>>>

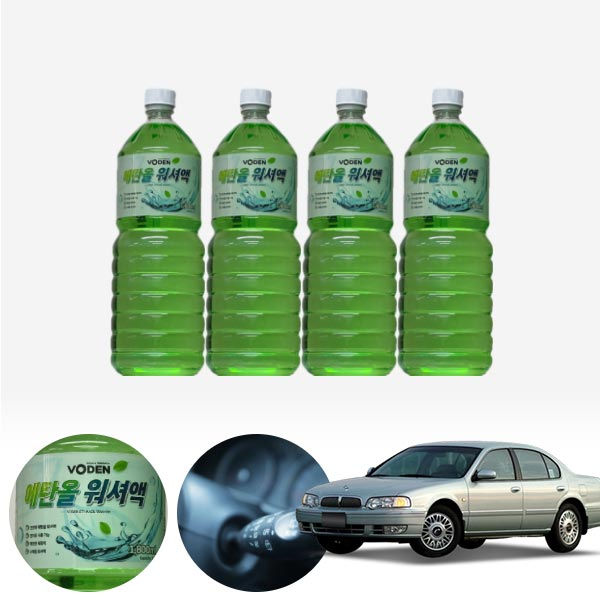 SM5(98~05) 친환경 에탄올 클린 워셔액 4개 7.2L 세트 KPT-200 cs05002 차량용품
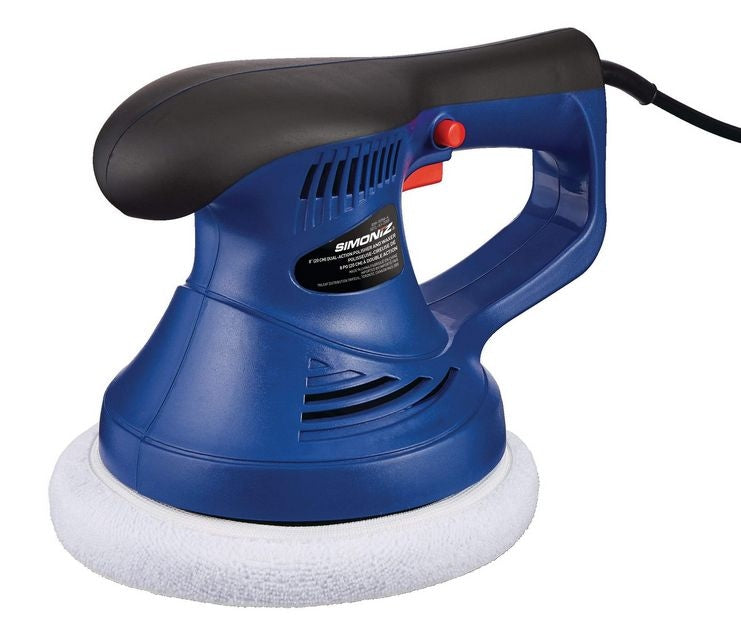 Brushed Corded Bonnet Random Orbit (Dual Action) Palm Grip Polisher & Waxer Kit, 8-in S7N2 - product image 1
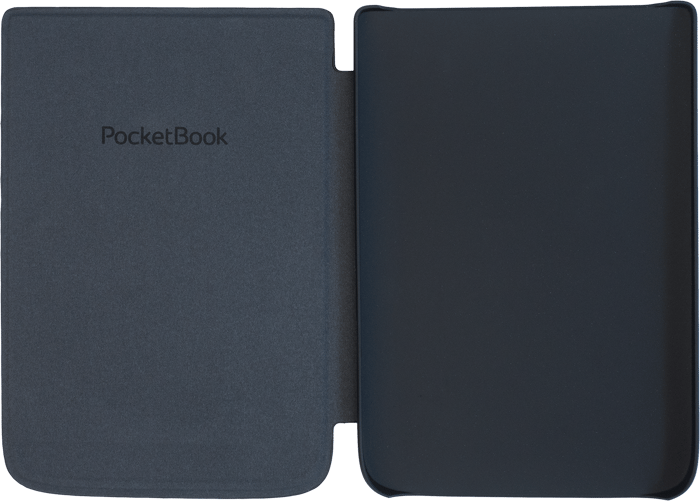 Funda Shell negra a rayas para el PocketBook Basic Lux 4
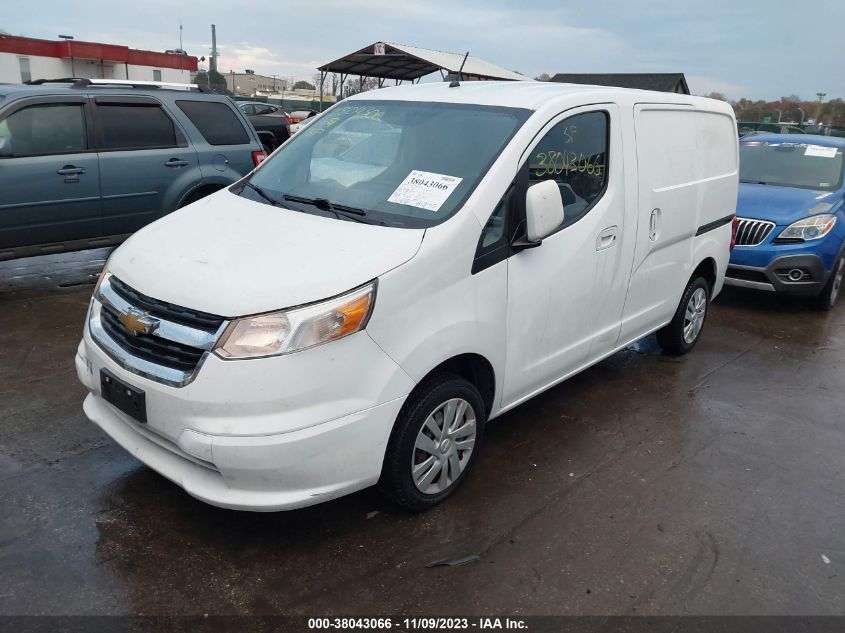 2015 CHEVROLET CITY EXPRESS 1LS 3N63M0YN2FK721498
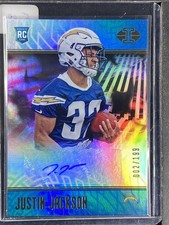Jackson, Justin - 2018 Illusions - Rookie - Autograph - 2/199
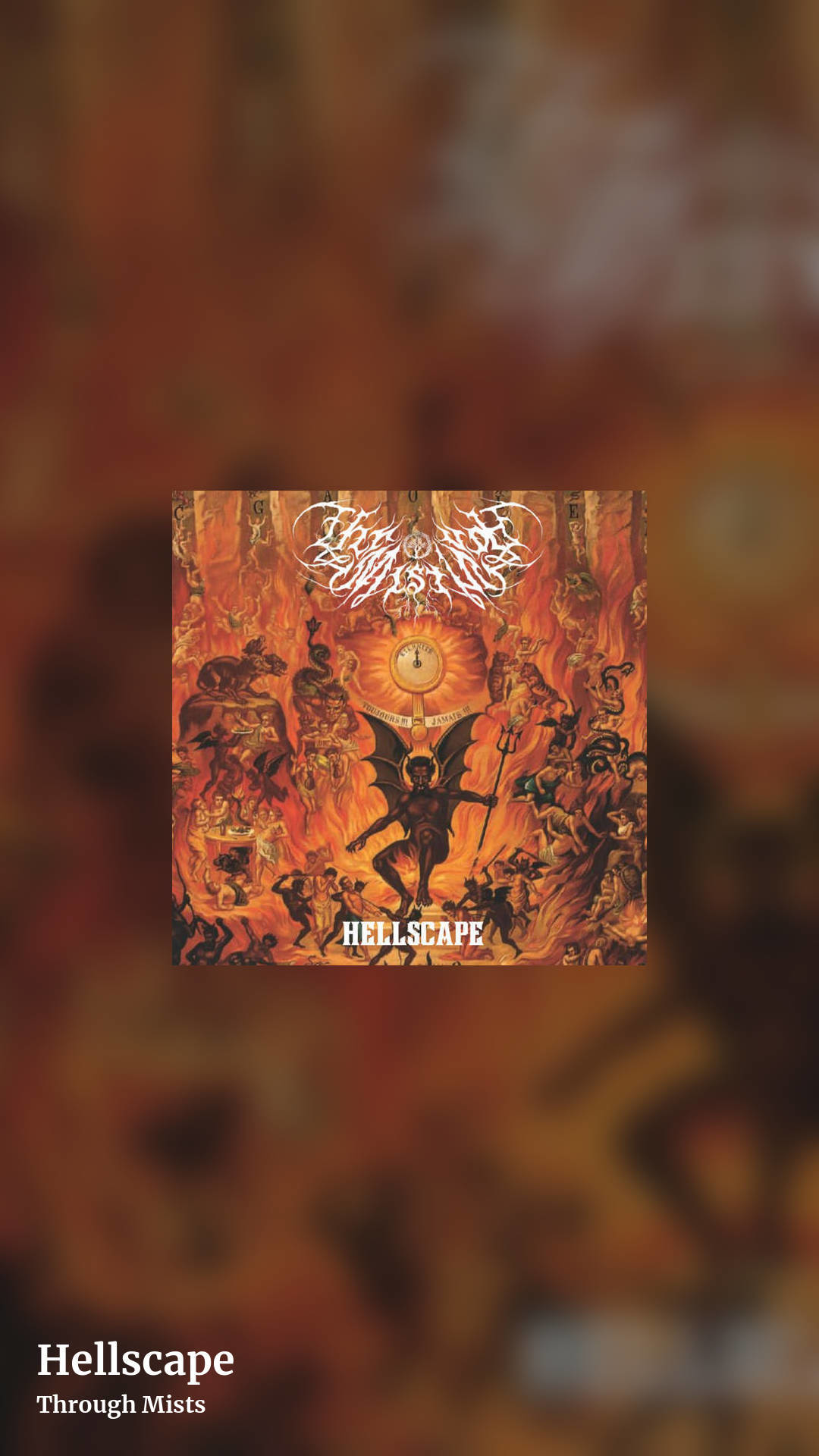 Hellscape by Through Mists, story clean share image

<<<

Task item: What you print must be exactly the lines from the one containing "Jackson, Justin - 2018" through the last line of the material, and no pictures.

Exercise answer:
Jackson, Justin - 2018 Illusions - Rookie - Autograph - 2/199
 Hellscape by Through Mists, story clean share image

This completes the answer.